To make money, most people will get a job. They’ll tend to work that job until the work runs out or they run out of the ability to perform it. The vast majority of workers put little aside for retirement or for investments. Some will spend just about every dollar they earn from a high salary. Others will have little left over to invest after paying for the necessities of life. Regardless, just about everyone should be able to find a little bit to invest if they live frugally. Here are some ways to invest your hard-earned money.
An Emergency Fund
If your net worth is not well into the six figures, you need an emergency fund. Setting up a fund of at least $1,000 will give you the ability to easily pay for a new washer or refrigerator if these appliances go out. It could also pay for many auto repairs that are out of the ordinary. You’ll likely not earn much from an emergency fund. In fact, it’s a good idea to leave it in a savings account or a money market account so that you can access it relatively easily. The return comes when you don’t have to take out a personal loan or pay with a credit card when an emergency hits. Those emergencies could get compound interest working against you. After saving up to $1,000, it’s a good idea to keep saving until you have three to six months available.
Pay Off Debt
Paying off debt is one of the best investments you can make. Don’t take it from me. Take it from Mark Cuban. He’s done pretty well with his money over the years. Cuban argues that paying off credit cards or other debts is the best investment people can make. Why? You’re likely to get a better return on the debt payoff than most other investments. Credit cards can have interest rates that run between 15, 20 or even 25 percent depending upon your creditworthiness. Every dollar you can pay off gets a return that’s equal to the interest rate. There’s also the added advantage that comes with having less money going out to your creditors once the bills are paid off. This is money that can get invested in other ways.

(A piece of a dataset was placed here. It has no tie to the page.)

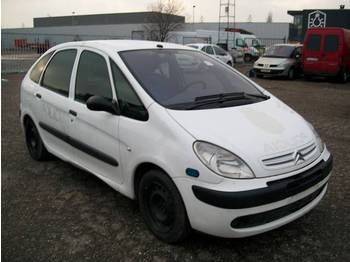 Citroen MPV, fabr.CITROEN, type PICASSO, 2.0 HDI, eerste inschrijving 01-01-2006, km-stand 122.000, chassisnr VF7CHRHYB39999468, AIRCO, alle documenten aanwezig - Samochód osobowy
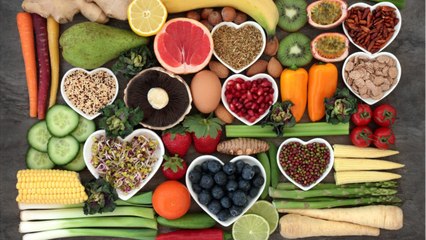 FEMME ACTUELLE - 12 aliments qu'il vaudrait mieux consommer Bio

Bonds are instruments that allow governments or businesses to borrow money from investors. What’s in it for you if you invest in this way? The government or company that issues the bond promises to return your initial investment at the end of the term stated on the bond. That could be anywhere from 30 days to 30 years depending upon the particular bond. In addition to returning the money at the end of the term, bondholders also earn interest on their money. Interest rates vary, and bonds with longer terms will usually pay higher rates. This is an investment that can give you some periodic cash flow. Some bond funds pay out monthly while individual bonds will tend to pay out quarterly or semiannually.
Many investors look to precious metals as a store of value. Gold and silver can sometimes act as a hedge against inflation. In other words, gold’s price should generally hold up with inflation. There are frequently ads on TV or the Internet
that encourage investment in precious metals. Gold and silver should probably make up only a small percentage of a diversified portfolio, however. Warren Buffett, widely considered the greatest investor ever, avoids gold himself. He argues it’s an unproductive asset that does not create additional wealth. One ounce of gold will be an ounce of gold in 20 years. On the other hand, an investment in a company can pay dividends and add to a person’s wealth over time.
Stocks are small portions of companies. These are actual productive assets that can pay off for their owners. Stocks can pay off in a couple of tangible ways. First, as long as a company has solid revenue that leads to profits, it can pay out dividends. Warren Buffett’s Berkshire Hathaway loves to receive dividends from the businesses that the holding company owns, but it does not pay them out. Buffett redeploys the dividends into additional businesses instead of paying out cash. This leads to the second way that stocks can pay off. Shares are bought and sold on a market. If the business is successful, shares should be in higher demand, and this will usually lead to a higher price. Rising share prices can lead to capital gains for investors.
Another popular way to invest that’s paid off for many people over time is real estate. There are multiple options for investing in real estate. You could use a service like Gold Coast Buyers Agent PumpedOnProperty or try to find properties on your own. If you’re looking to buy a property, you can utilize leverage by taking on mortgage debt. Over time, you’ll build up equity as your tenants pay rent. After the property is paid off, the rent you receive should provide some solid cash flow for you. Another way to invest in real estate without having to actually find good tenants is through real estate investment trusts, also known as REITs. These function like stocks and can invest in residential or commercial property. Many pay out hefty dividend to investors that work much like the cash flow that comes from owning the property personally.
The final investment that can really pay dividends is self-improvement. Taking a course or getting a new certification can expand your knowledge base and your skills. Theoretically, the return on investment could be exponential as your increased marketability leads to more income. It’s important to remember that a nice portion of any extra income you earn from this investment should go into further investments so that you can increase your passive income over time.
It’s been said that you can do three things with money. You can spend it, invest it or give it away. These suggestions should give you some ideas for investing your hard-earned money. Over time, slow and steady investments can really pay off with a river of cash flow that can help you live comfortably in your golden years.